I caught up with Haidara one last time in mid-February 2014, on the kill floor of a four-story condominium building within the Baco Djikironi Golf neighborhood of Bamako. Haidara had transported dozens of chests to this newly obtained safe dwelling at some stage within the rainy season that had ended the earlier month, and he turned into once checking to have a study how effectively the manuscripts had been keeping up.

“We had been obliged to search out houses that had been raised off the bottom, with air-conditioning or dehumidifiers to greater protect them,” he explained, thumbing through a 500-365 days-usual work from Timbuktu’s Sankoré Library, its yellowing pages breeze by a melancholy-brown goatskin veil.

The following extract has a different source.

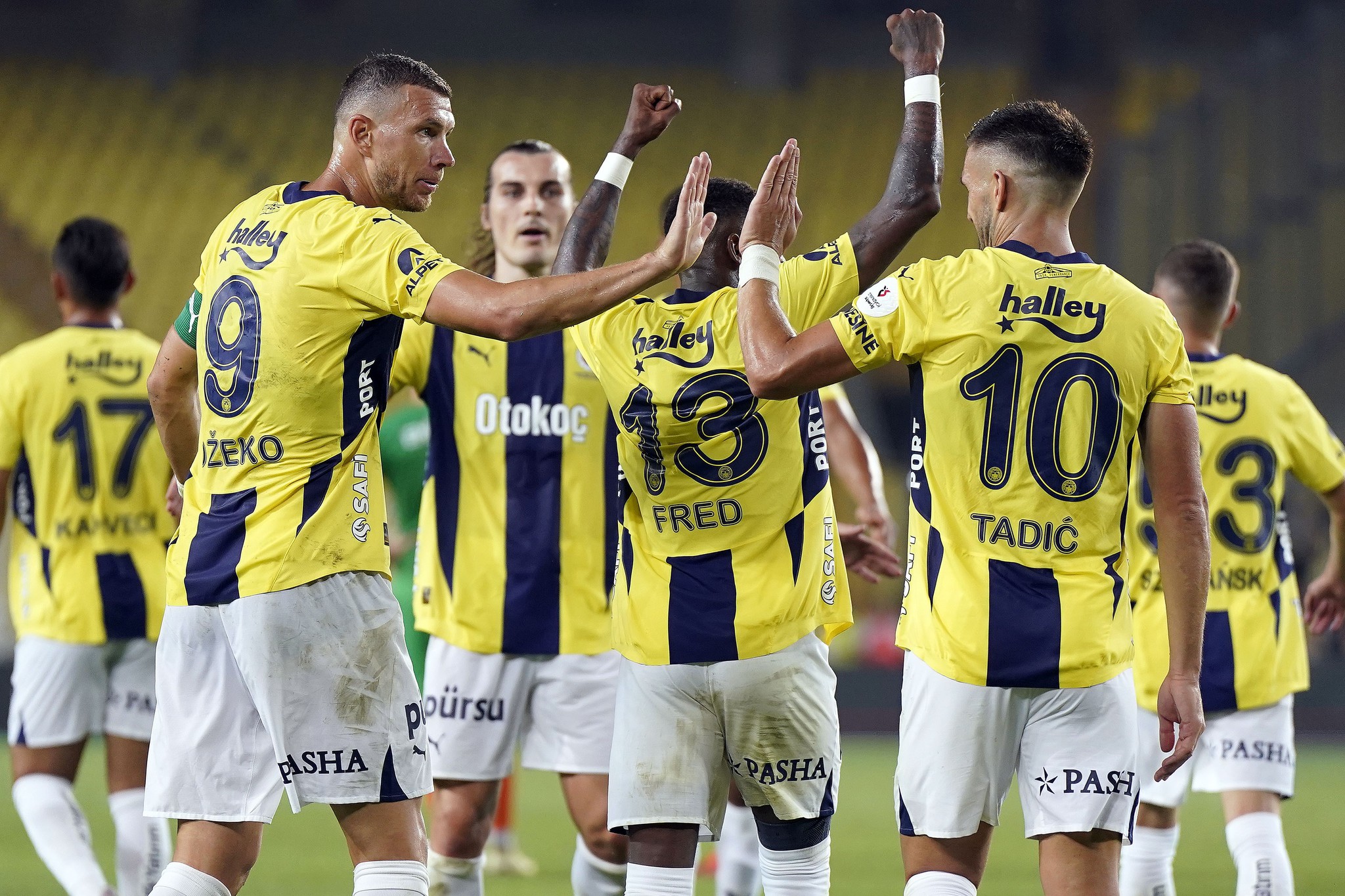 İngiliz basınından bomba iddia! Dünya yıldızı Fenerbahçe’ye sıcak bakıyor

The guide turned into once a roughly medieval Encyclopaedia Britannica, Haidara said, chronicling the lives of Islamic scholars, broken into rapid biographical sections with aloof prospers, corresponding to green, pink, and gold embossed letters marking the starting of every and every unusual portion. Scribblings by many varied hands filled the margins, presumably added by scholars at Sankoré who consulted this work for their very own overview throughout the ages. “It be glaring that or no longer it’s a a in point of fact mighty work,” he instructed me. “It be from the 16th century, and or no longer it’s aloof readable, and or no longer it’s stuffed with statements that reveals or no longer it has been consulted by many intellectuals. That gives it an predominant worth.”

Haidara had anticipated to escort the general manuscripts help to Timbuktu by now, but persevering with instability within the north had made that very no longer seemingly. (All over my focus on over with to Timbuktu in February, jihadists clashed with French Particular Forces simply north of Timbuktu and fired rockets on the city’s airport. At this time after my focus on over with to Mali, French forces tracked down and killed Oumar Ould Hamaha, the AQIM fanatic who had arrested Touré on that evening in Timbuktu two years earlier.)

The persevering with explain of limbo turned into once taking a toll on Haidara: “I am the general time surrounded by bother, by responsibility, most often I even put out of your mind my family,” he admitted. “My perfect ambition is to rehabilitate all these libraries in Timbuktu, so as that I’m able to declare the general manuscripts help to each and every family that entrusted them to me. That will give me a shrimp little bit of peace.”

The Pulitzer Center on Crisis Reporting (http://pulitzercenter.org/) helped strengthen reporting for this story.

Originate you believe Haidara that outdated school manuscripts must be preserved for the sake of a entire culture?